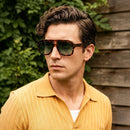 FEISEDY Retro Thick Aviator Sunglasses for Women Men, Large Vintage Shades | Leopard - Dark Green | 53 Millimeters — 3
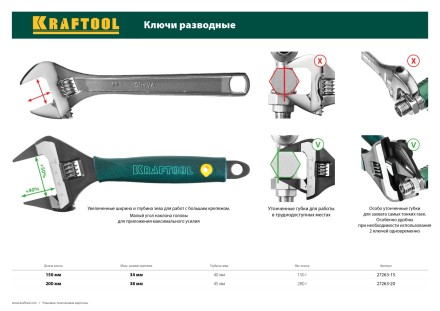 Ключ разводной SlimWide-S, 150 / 34 мм, KRAFTOOL 27263-15 купить в Нижневартовске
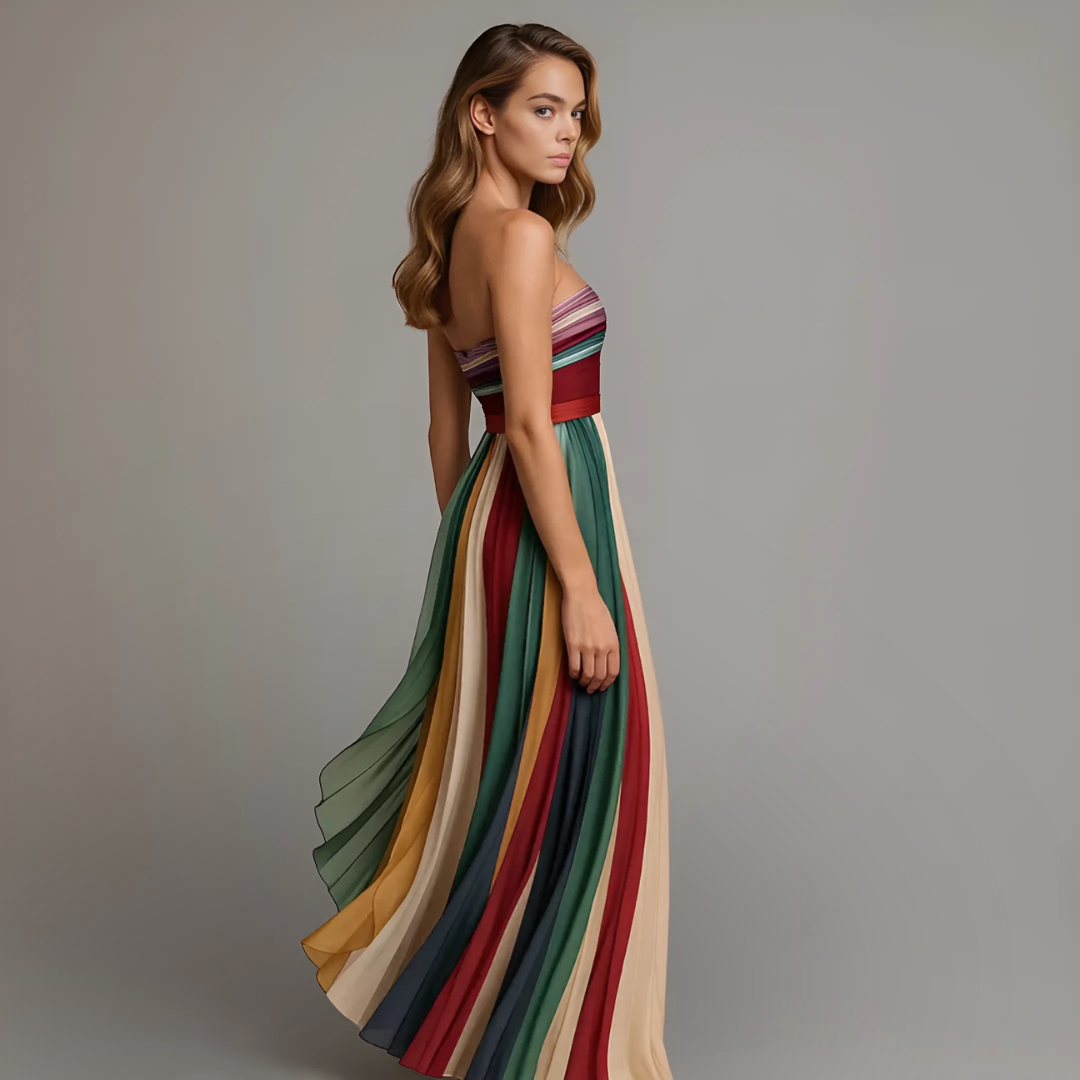 Celeste Beaurivage | Strapless Multicolor Pleated Maxi Dress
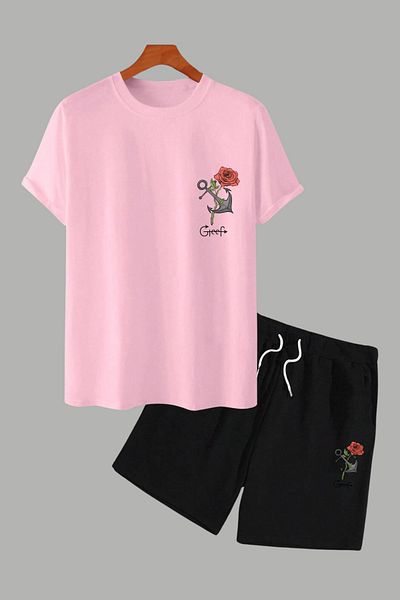 MELADYAN Rose Anchor Printed Pink T-Shirt Black Shorts Bottom Top Set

▸ Work instruction: Give the data again exactly as it appears, but without any images.

▸ Your response:
 FEISEDY Retro Thick Aviator Sunglasses for Women Men, Large Vintage Shades | Leopard - Dark Green | 53 Millimeters — 3
 Ключ разводной SlimWide-S, 150 / 34 мм, KRAFTOOL 27263-15 купить в Нижневартовске
 Celeste Beaurivage | Strapless Multicolor Pleated Maxi Dress
 MELADYAN Rose Anchor Printed Pink T-Shirt Black Shorts Bottom Top Set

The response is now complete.